AIM OF THE EXERCISE
Below is a listing with pictures. Repeat exactly the lines starting at the one holding "Logement Сент-Енімі Екстер'єр фото" and going on through the one holding "Pahadirovers Homestay & Cafe カソル エクステリア 写真", and leave every picture out.

^^^^^^^^^^^^^^^^

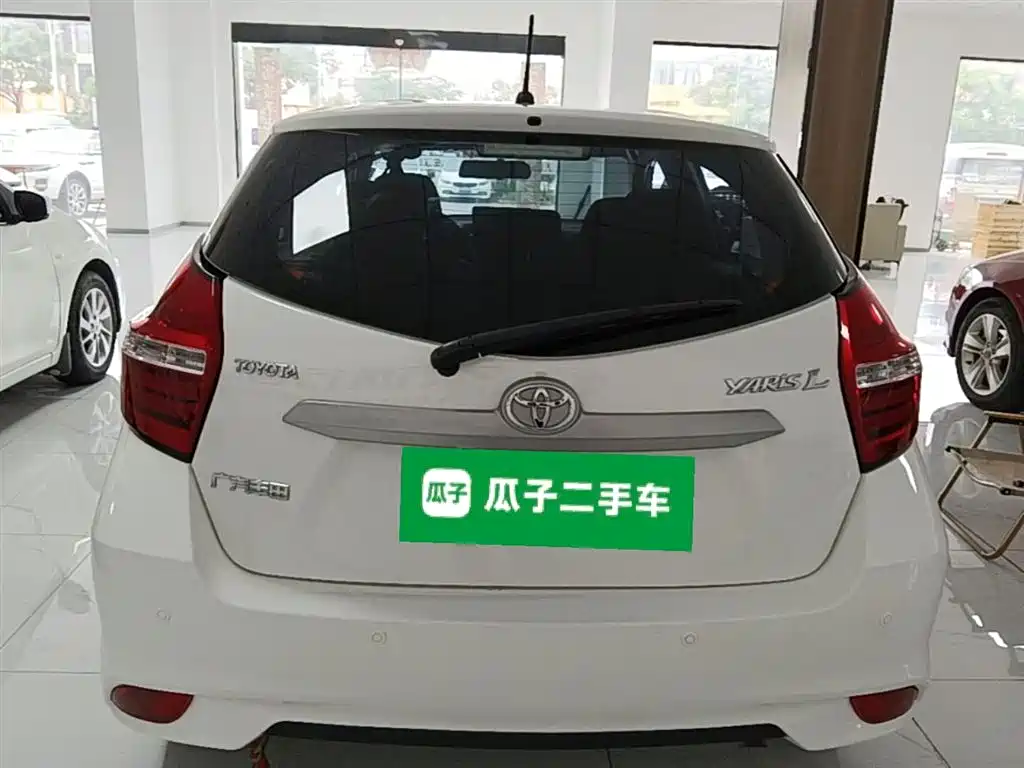 Toyota Yaris L 2022 — фото 6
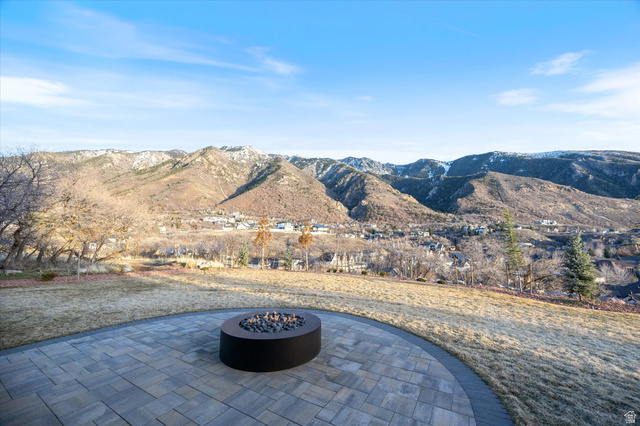 9 Windsong Lane Sandy, UT 84092 - Photo 26 of 85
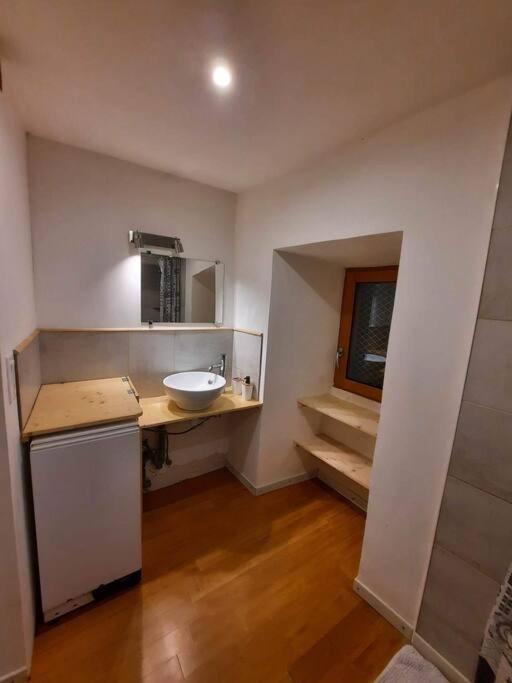 Logement Сент-Енімі Екстер'єр фото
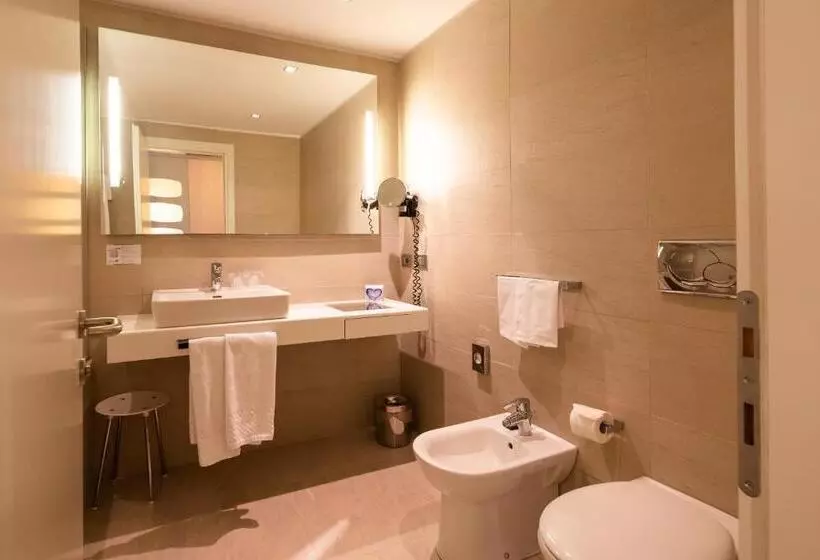 اتاق استاندارد چهار تخته, Best Western Plus Tower Hotel Bologna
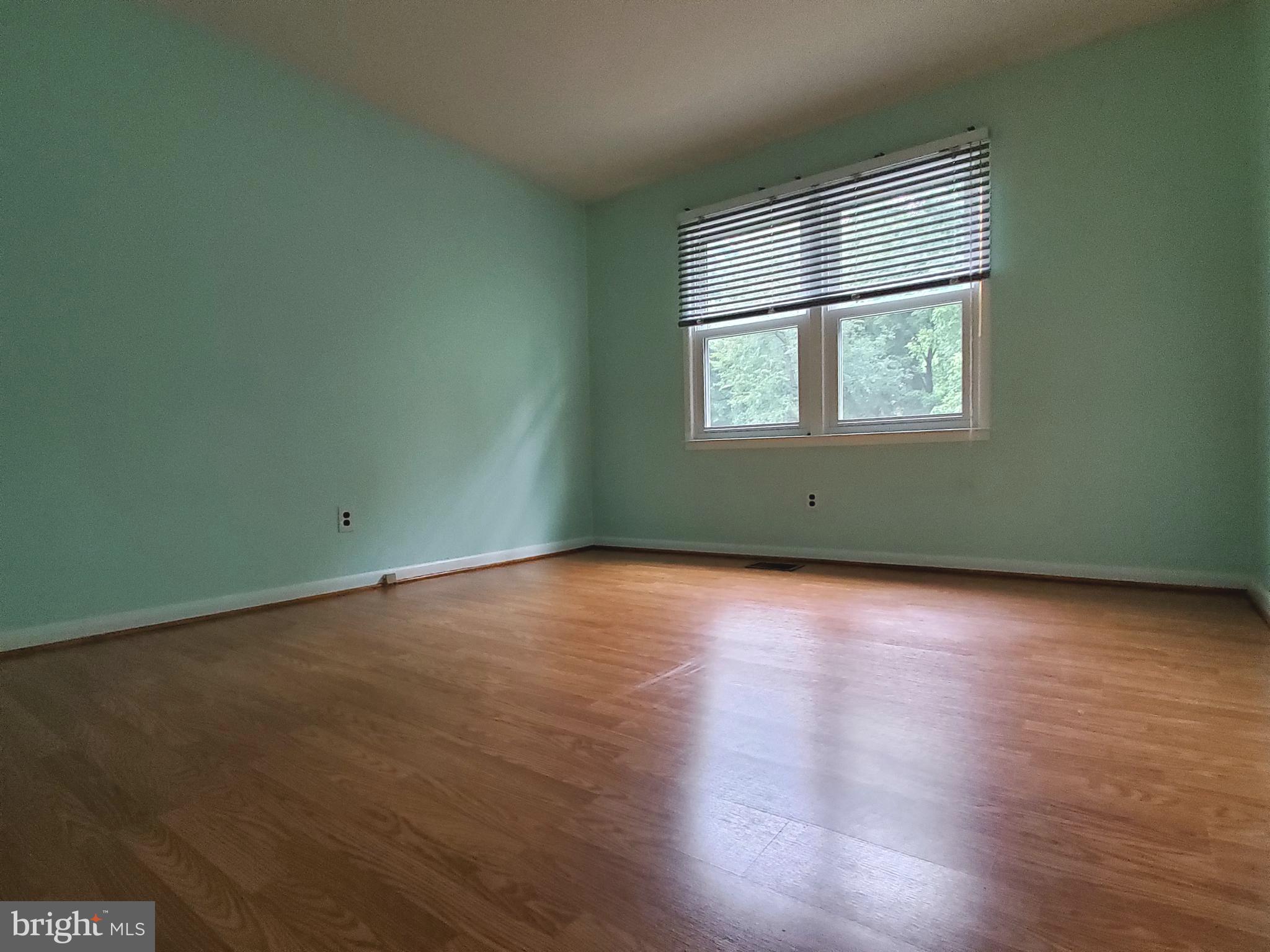 PARK GLEN HEIGHTS - Residential Lease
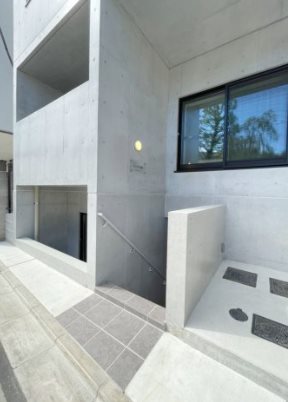 世田谷区桜上水1丁目楽器可(防音・24時間演奏可能・グランドピアノ・弦・管楽器・声楽)マンション エントランス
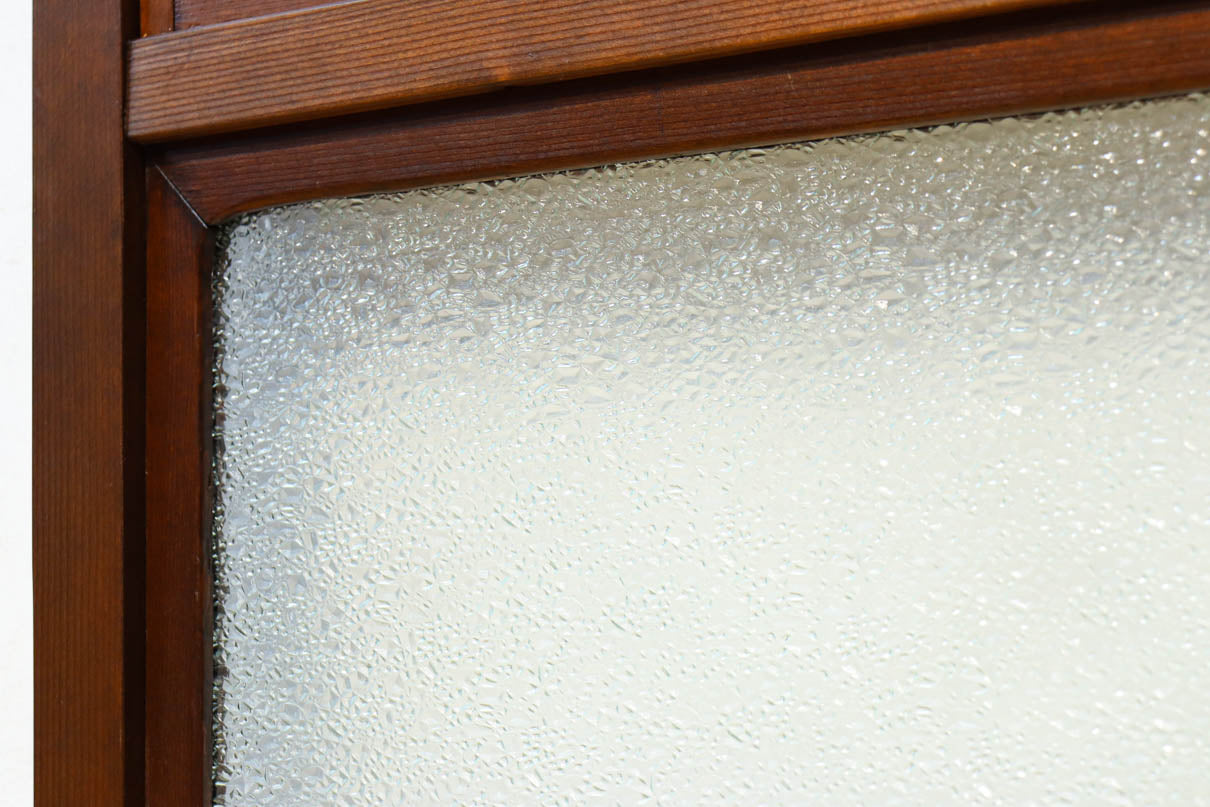 幅670ミリ　スリムサイズ！！ 杢目が浮かぶ古色の色彩で風情高まる大阪格子戸　F8620　在庫4枚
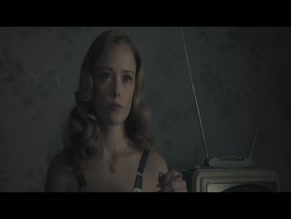 SUZANNA SON in MONSTER: THE ED GEIN STORY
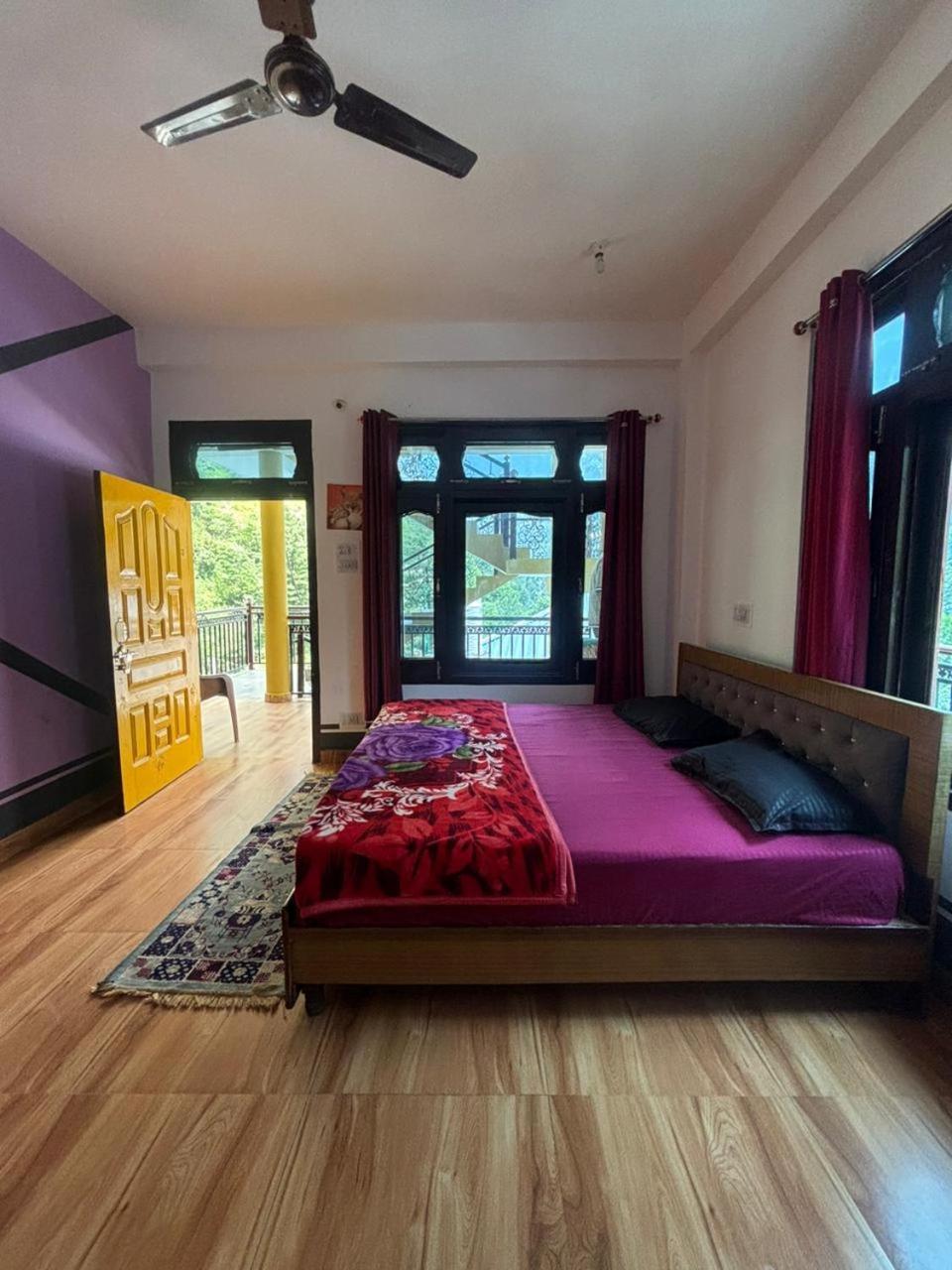 Pahadirovers Homestay & Cafe カソル エクステリア 写真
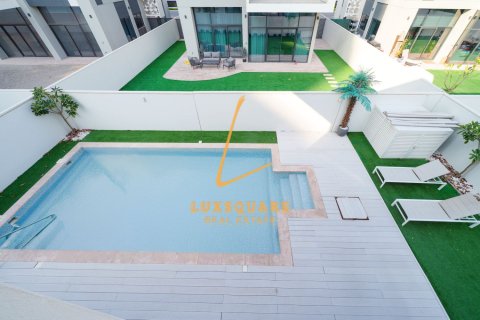 Вилла Al Furjan, Дубай, БАӘ-да 4 жатын бөлмелер, 570 м² № 708657 - фото 27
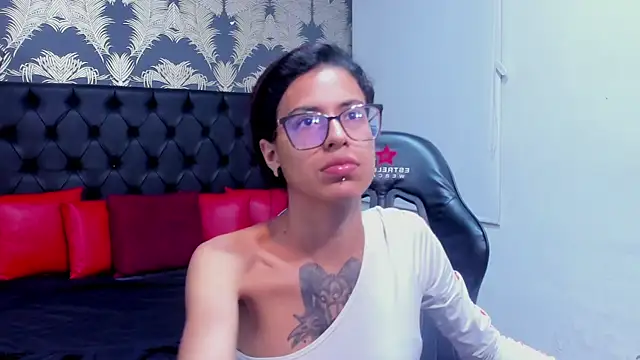 Snapshot of Emily_Lopera chatting on 05/01/26, 03:16 Emily Lopera online show from 05/01/26, 03:16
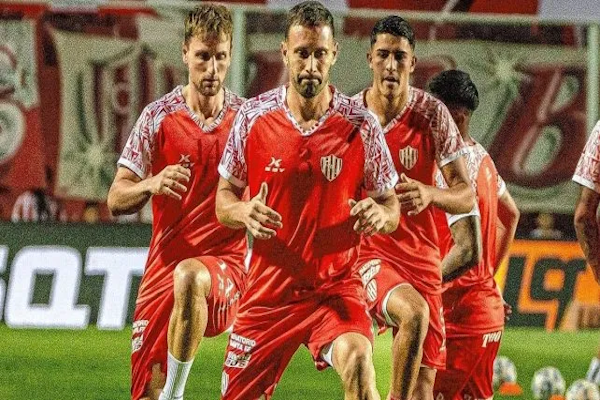 Unión busca renovar con dos defensores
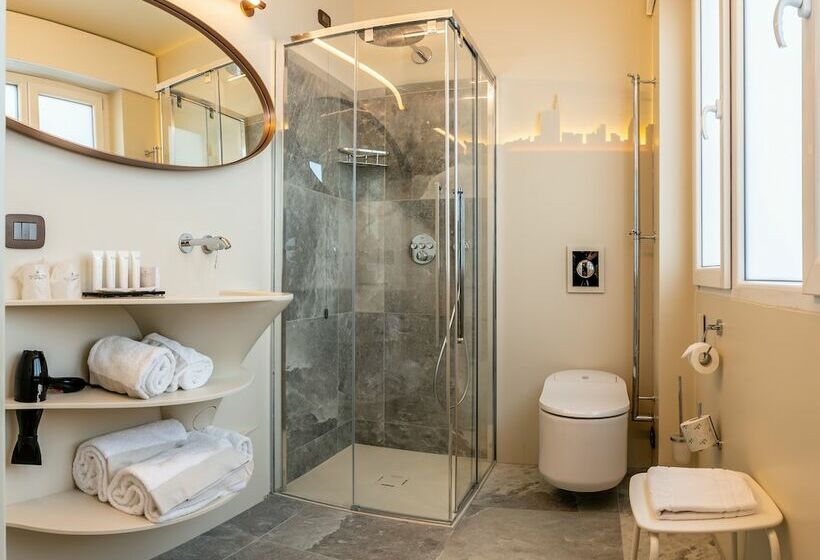 高级大房间, Ariston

^^^^^^^^^^^^^^^^

RESPONSE FOR THIS EXERCISE
 Logement Сент-Енімі Екстер'єр фото
 اتاق استاندارد چهار تخته, Best Western Plus Tower Hotel Bologna
 PARK GLEN HEIGHTS - Residential Lease
 世田谷区桜上水1丁目楽器可(防音・24時間演奏可能・グランドピアノ・弦・管楽器・声楽)マンション エントランス
 幅670ミリ　スリムサイズ！！ 杢目が浮かぶ古色の色彩で風情高まる大阪格子戸　F8620　在庫4枚
 SUZANNA SON in MONSTER: THE ED GEIN STORY
 Pahadirovers Homestay & Cafe カソル エクステリア 写真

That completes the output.